Leonardo and other Italians maintained that it was Giotto in the fourteenth century (see Chapter 11) who began the imitation of nature. But what Giotto had begun was not taken up again until the work of Masaccio (muh-ZAH-choh) (1401- 1428) in Florence. Masaccio’s cycle of frescoes in the Brancacci Chapel has long been regarded as the first masterpiece of Early Renaissance art. With his use of monumental figures, a more realistic relationship between figures and landscape, and visual representation of the laws of perspective, a new realistic style of painting was born. Onlookers become aware of a world of reality that appears to be a continuation of their own world. Masaccio’s massive, three-dimensional human figures provided a model for later generations of Florentine artists.

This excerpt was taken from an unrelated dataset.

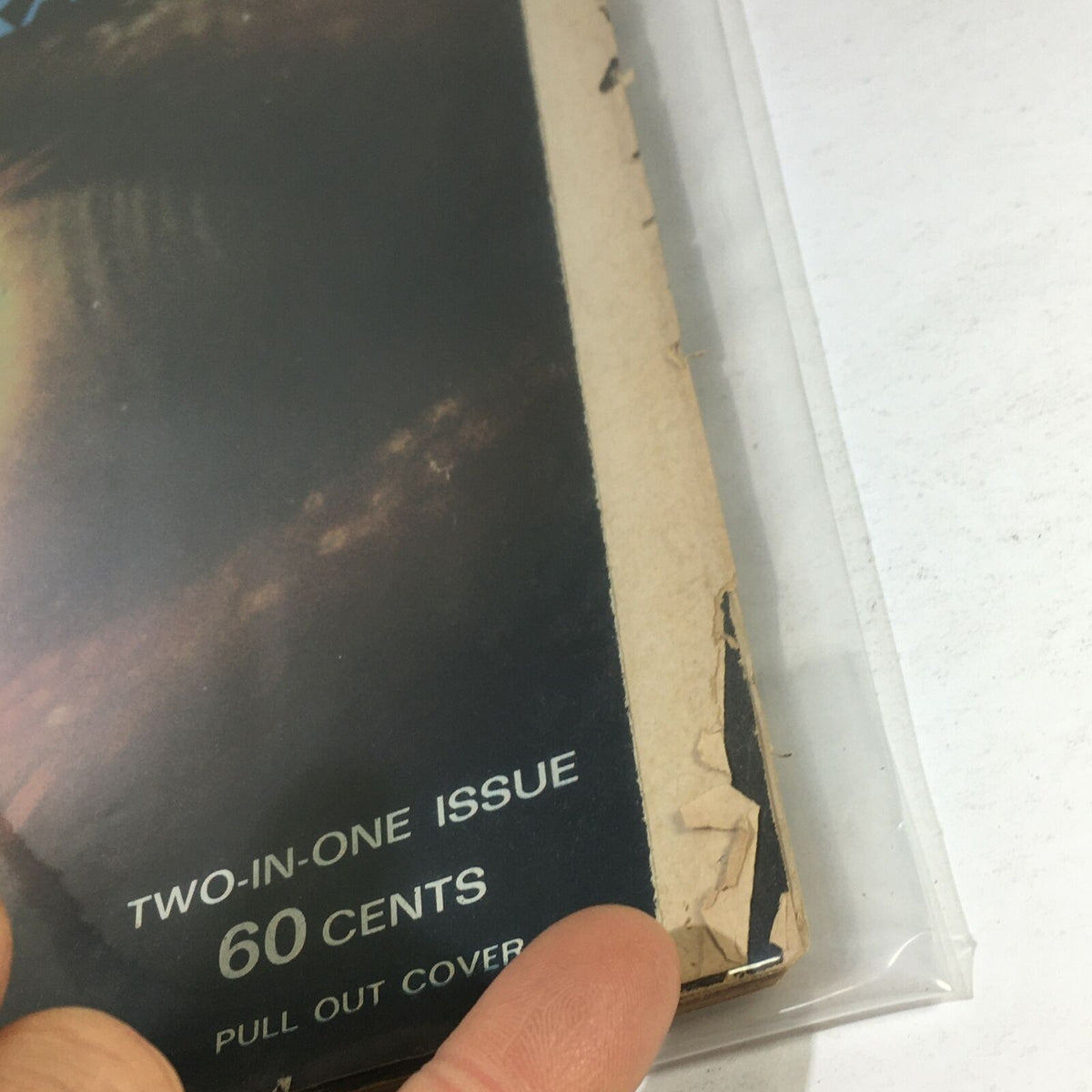 Close-up view of the damaged side of VTG Life Magazine: December 23 1966, showing wear and tear on the cover.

During the fifteenth century, other Florentine painters absorbed and modified this new Renaissance style. Especially important was the development of an experimental trend that took two directions. One emphasized the mathematical side of painting, the working out of the laws of perspective and the organization of outdoor space and light by geometry and perspective. In the work of Paolo Uccello (PAH-oh-loh oo-CHELL-oh) (1397-1475), figures became mere stage props to show off his mastery of the laws of perspective. The other aspect of the experimental trend involved the investigation of movement and anatomical structure. The Martyrdom of Saint Sebastian by Antonio Pollaiuolo (pohl-Iy-WHO-loh) (c. 1432-1498) revels in Classical motifs and attempts to portray the human body under stress. Indeed, the realistic portrayal of the human nude became one of the foremost preoccupations of Italian Renaissance art. The fifteenth century, then, was a period of experimentation and technical mastery.
During the last decades of the fifteenth century, a new sense of invention emerged in Florence, especially in the circle of artists and scholars who formed part of the court of the city’s leading citizen, Lorenzo the Magnificent. One of this group’s prominent members was Sandro Botticelli (SAHN-droh bot-i-CHELL-ee) (1445-1510), whose interest in Greek and Roman mythology was well reflected in one of his most famous works, Primavera (Spring). The painting is set in the garden of Venus, a garden of eternal spring. Though Botticelli’s figures are well defined, they also possess an otherworldly quality that is far removed from the realism that characterized the painting of the Early Renaissance.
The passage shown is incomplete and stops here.